The disaster was, after Lac-Mégantic, among the most consequential American rail-hazmat events of its era. It reshaped how the industry treats the position of hand-thrown switches in dark (unsignaled) territory and intensified scrutiny of how chlorine and other toxic-inhalation-hazard materials are routed and carried by rail.
On the morning of 31 January 2003, a CityRail Tangara interurban train left the rails on a tight curve in a rock cutting near Waterfall, about thirty-seven kilometres south of Sydney, killing seven people — including the driver — and injuring some forty more. The train was travelling at roughly twice the speed the curve was rated for. The reason it was travelling so fast was that the man controlling it was already dead or dying, and every system that should have stopped a train without a functioning driver had failed to do so.

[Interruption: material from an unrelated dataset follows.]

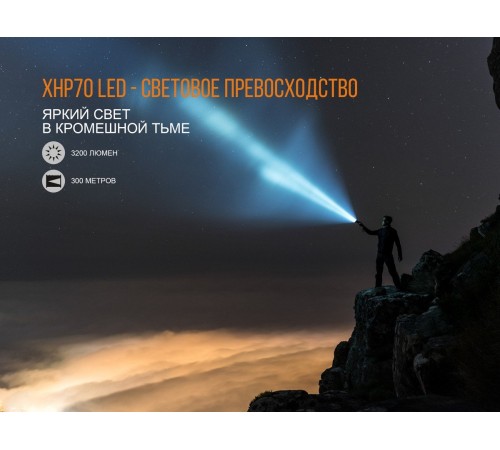 Фонарь Fenix TK35UE2018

The train was set G7, a four-car Tangara of the State Rail Authority’s CityRail network, running the early service from Sydney’s Central station south toward Port Kembla via the Illawarra line. At about 7:15 a.m., as the train ran through the descending, curving territory near Waterfall, the 53-year-old driver, Herman Zeides, suffered a sudden and fatal cardiac event. He did not brake, did not ease the power, and did not react to the approaching curve. The train accelerated to around 117 kilometres per hour and entered a curve rated for no more than 60. It derailed, the leading cars striking the rock walls of the cutting.
The reason the driver’s collapse did not stop the train was a defeated safety device. The Tangara’s “deadman” control was a foot pedal that the driver must hold within a defined range; releasing it or pressing it fully was meant to cut power and apply the brakes, on the assumption that an incapacitated driver’s foot would slip off. Investigators found that the unconscious driver’s body weight held the pedal within its active range, so the system read a live, attentive driver where there was none. The guard, the train’s second safety-critical crew member, was not monitoring speed and did not intervene with the emergency brake in time; the inquiry found the vigilance and guard-alerting arrangements inadequate to catch a silently incapacitated driver.
A Special Commission of Inquiry was established under the Honourable Peter Aloysius McInerney, who had also led the inquiry into the 1999 Glenbrook accident. McInerney’s final report, delivered in January 2005, located the immediate cause in the driver’s incapacitation and the resulting overspeed, while finding that an underdeveloped safety culture and a reactive approach to risk had left the railway without effective defences against exactly this scenario. The finding for this file is Driver — the proximate cause was the incapacitation of the man at the controls — but the report’s force lay in showing how predictable that single point of failure was, and how poorly the system had guarded against it.